9. Il résulte de ce qui précède que M. A... et Mme E... F... sont fondés à soutenir que c'est à tort que, par l'ordonnance attaquée, qui doit être annulée, le président de la 1ère chambre du tribunal administratif de Dijon a rejeté leur demande.

Sur les frais du litige :

10. Il y a lieu, dans les circonstances de l'espèce, de mettre à la charge de l'établissement public foncier local des collectivités de Côte-d'Or la somme de 2 000 euros à verser à M. A... et Mme E... F... au titre de l'article L. 761-1 du code de justice administrative. Ces dispositions font obstacle à ce qu'une somme soit mise à ce titre à la charge de M. A... et Mme E... F..., qui ne sont pas parties perdantes dans la présente instance.

DÉCIDE :

Article 1er : L'ordonnance n° 2302793 du 11 décembre 2023 du président de la 1ère chambre du tribunal administratif de Dijon et l'arrêté du 12 septembre 2023 de l'établissement public foncier local des collectivités de Côte-d'Or sont annulés.

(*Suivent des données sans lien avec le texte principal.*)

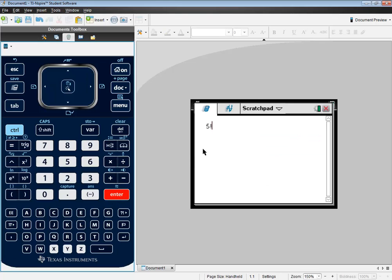And that puts the exclamation on there. And now if I just press enter, then it gives me 5 factorial is 120, which is our answer.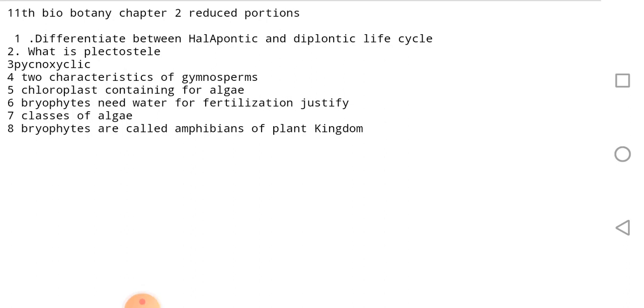We will look at the difference between haloponetic and dioponetic cycles. What is best? Palactostele, Pinosoletic.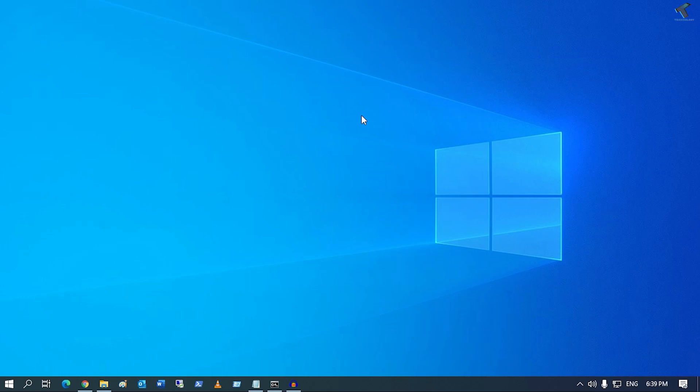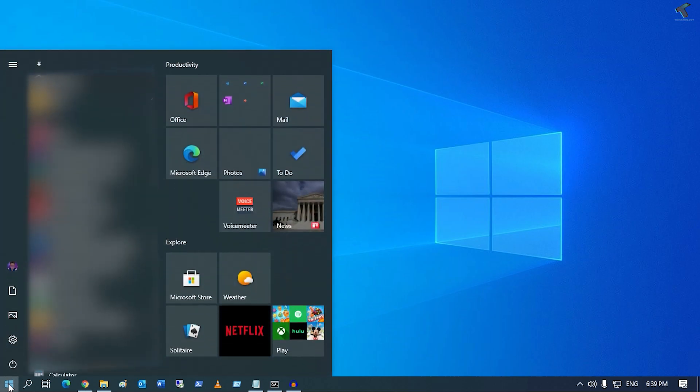Hey guys, welcome back to my channel Treknology. Today in this video tutorial, I will show you how to repair apps and programs in your Windows 10 computer. Just follow me to repair your apps in Windows 10. For that, you need to go to your Start menu first.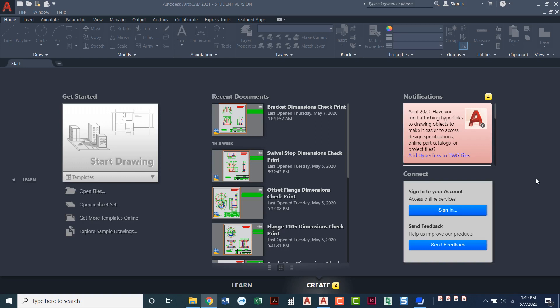In this video I'm going to take you on a quick tour of AutoCAD's landing page. Anytime you open up AutoCAD you're going to land on this page. This is where it opens to.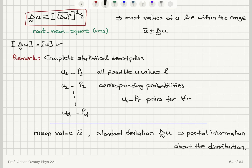We are going to give a concrete example in the next video using an ideal spin system. We will calculate the mean value and standard deviation for N equals four total spins in an ideal spin system.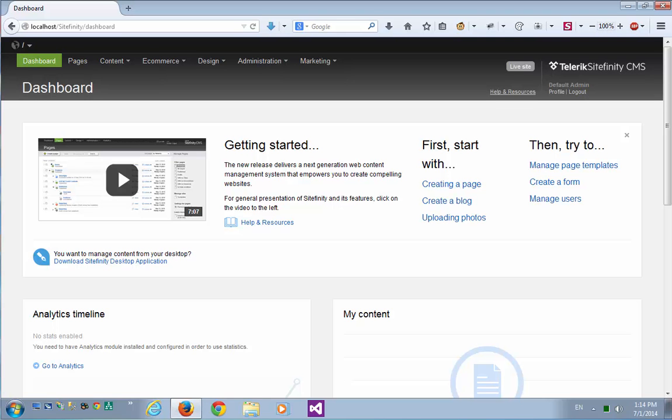Hi, this is Alon from the Sitefinity SDK team. In this video, I'll demonstrate the Audit Trail module and we'll see how to integrate it with Elasticsearch and Kibana servers for custom audit reporting.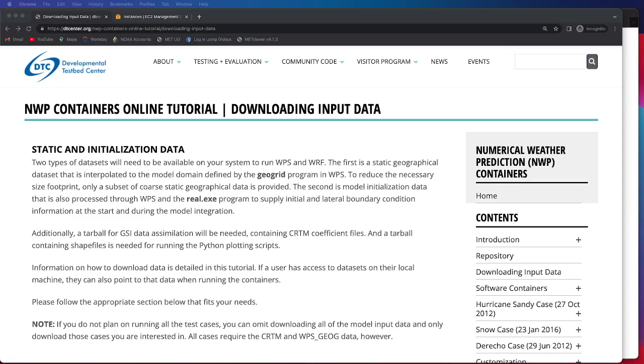Additionally we provide a tarball if you want to run the GSI data simulation that contains the CRTM coefficient files and then we also provide a tarball that contains shape files and those are needed for running the Python plotting scripts.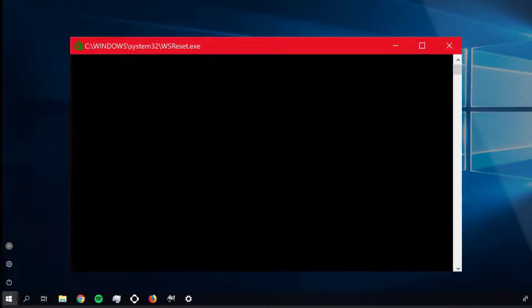A blank command prompt window will open up. Well, it doesn't look like it's doing much, but in the background it's resetting your store.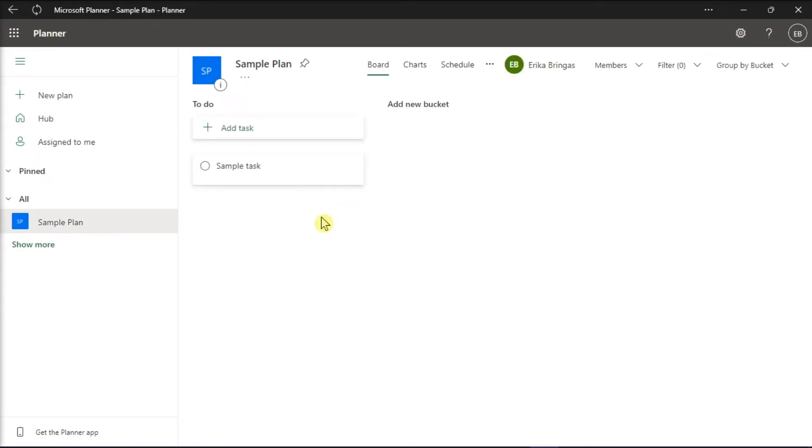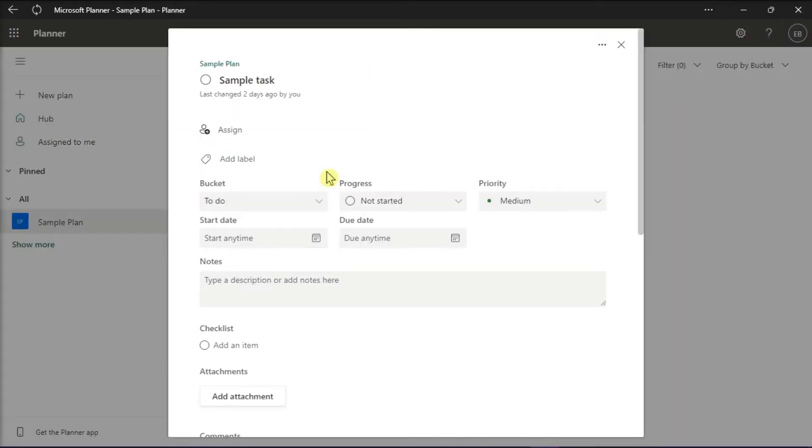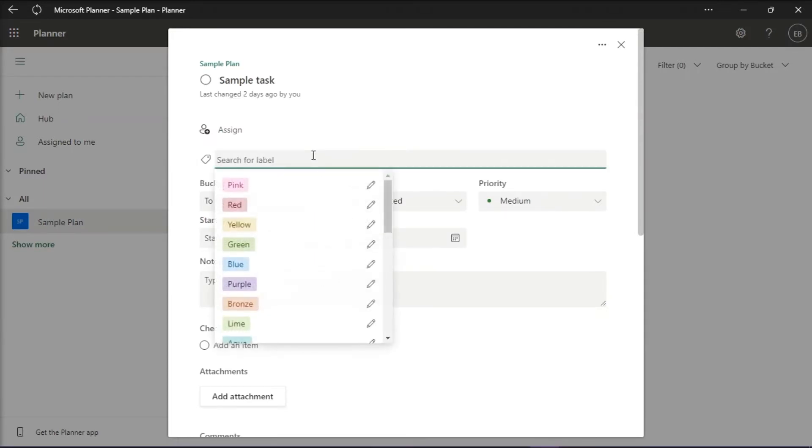On the task board, select a task to open details. Once you're on this window, select Add Label and click on the pencil icon to edit the name of the label.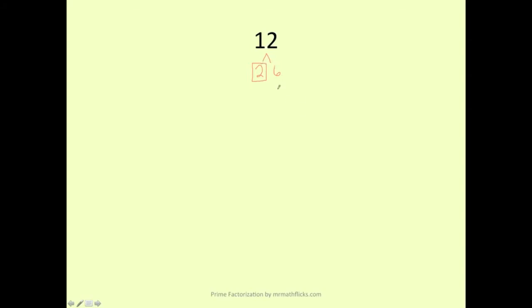However, the 6 is composite, so I can break that down further to 2 times 3. And again, these are both prime numbers, so I'm going to put a box around them. So I'm all done. The prime factorization of 12 is 2 times 2 times 3. If I wanted to write that in exponential form, I would write it as 2 squared times 3.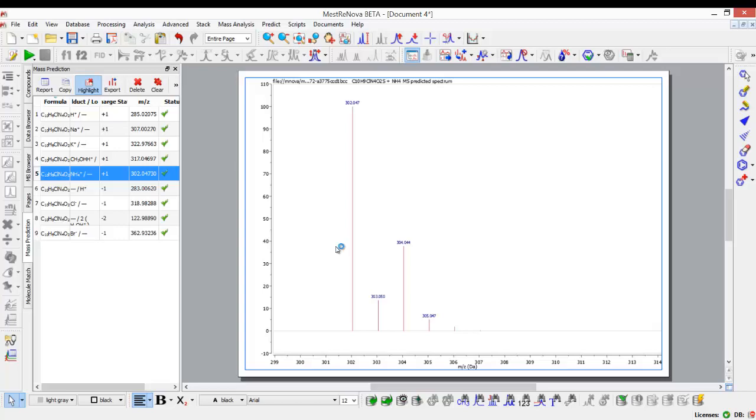If you like this functionality and you don't have MNOVA yet, it is available within the mass spec plugin of MNOVA, and you can download that and play with it for 45 days from www.mestrelab.com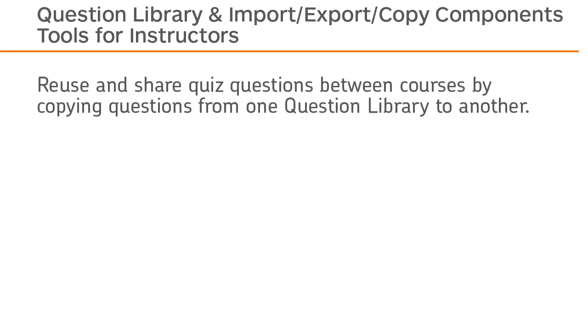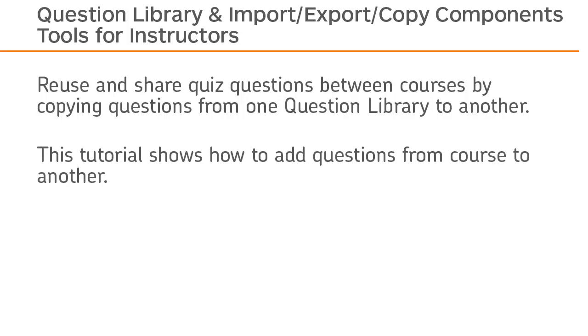Reuse and share quiz questions between courses by copying questions from one question library to another. This tutorial shows how to add questions from one course to another.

Article 2 : L'établissement public foncier local des collectivités de Côte-d'Or versera 2 000 euros à M. A... et à Mme E... F... au titre de l'article L. 761-1 du code de justice administrative.

Article 3 : Les conclusions présentées par l'établissement public foncier local des collectivités de Côte-d'Or au titre de l'article L. 761-1 du code de justice administrative sont rejetées.

Article 4 : Le présent arrêt sera notifié à M. G... A..., à Mme C... E... F... et à l'établissement public foncier local des collectivités de Côte-d'Or.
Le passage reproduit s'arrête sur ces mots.